8. Da spettatrice quali spettacoli ami vedere?

Quelli dove gli artisti che sono in ballo comunicano veramente tra loro e con il pubblico, creando vita in scena, vita piena e presente. Per questo trovo che Antonio Latella, come Carmelo Rifici, pur diversi tra loro per stili e contenuti, portino in scena lavori di qualità. C'è un certo tipo di ricerca e di lavoro dietro ed in scena si vede. Mi affascinano molto le commistioni di arti in scena, come si può evincere da Bastard.

9. Grazie per esserti raccontata sul nostro sito in bocca al lupo per la tua carriera. Se dovessi immaginare la tua vita fra dieci anni dove ti vedi?

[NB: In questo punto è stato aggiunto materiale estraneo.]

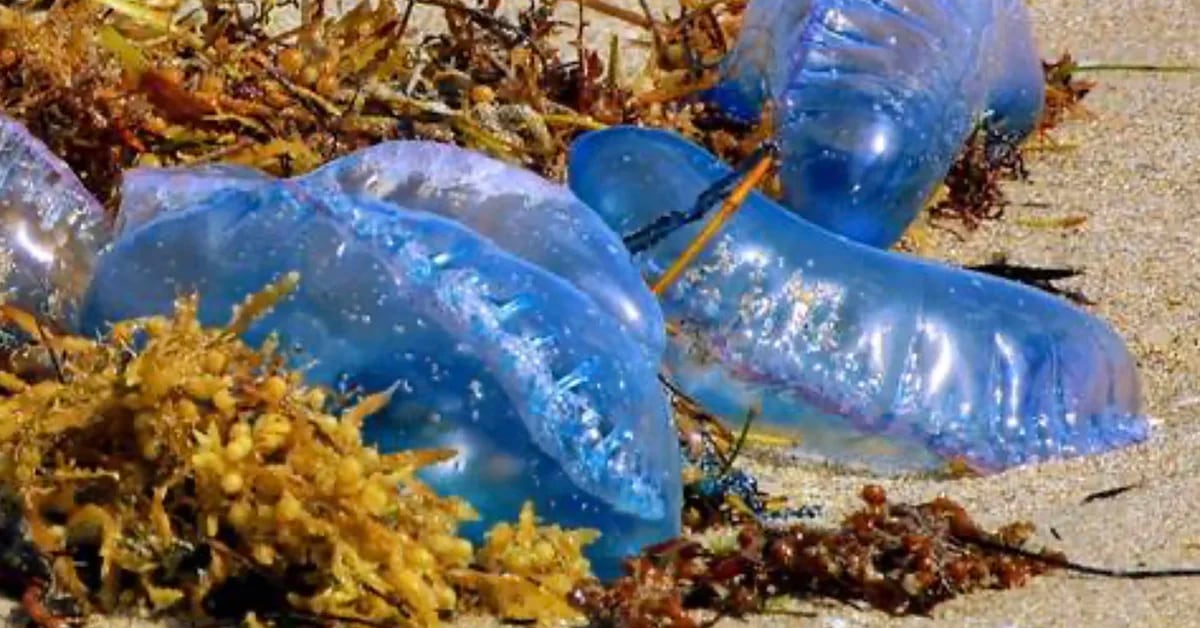 Jellyfish hit South Florida beaches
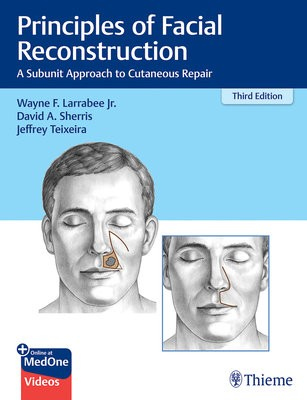 Principles of Facial Reconstruction, A Subunit Approach to Cutaneous Repair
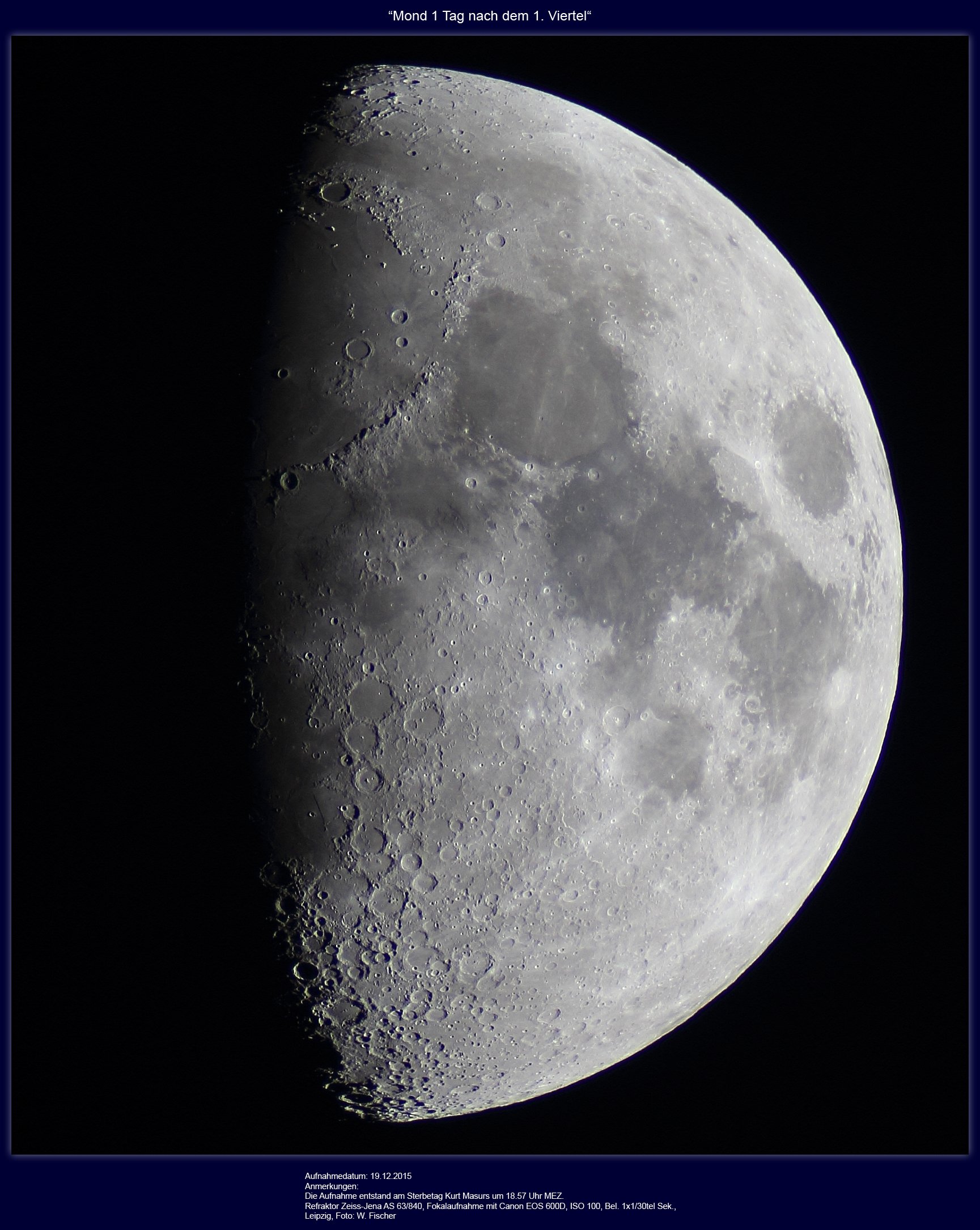 20151219.R63.Mond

Mi vedo recitare in lingue diverse, oltre alla mia lingua madre. Ho la fortuna di essere praticamente bilingue italiano/inglese e parlo il francese. Conto d'impararne altre. Il primo step lo stiamo facendo con Teatro Utile. Grazie a Tiziana Bergamaschi, il testo “Le Rinchiuse”, spettacolo in cui recito, è stato tradotto in francese e lo porteremo al Festival di Avignone il prossimo luglio. Questo è un primo grande passo verso la strada che ho scelto d'intraprendere. Tra dieci anni mi vedo come un artista viaggiatrice soddisfatta del proprio lavoro, che fa da sponda tra l'Italia ed altri paesi del mondo per portare un contributo e un cambiamento alla nostra società. Ruolo che nella storia dell'umanità, il teatro, la musica e le arti performative in generale, a volte sono riusciti ad avere. Grazie a voi.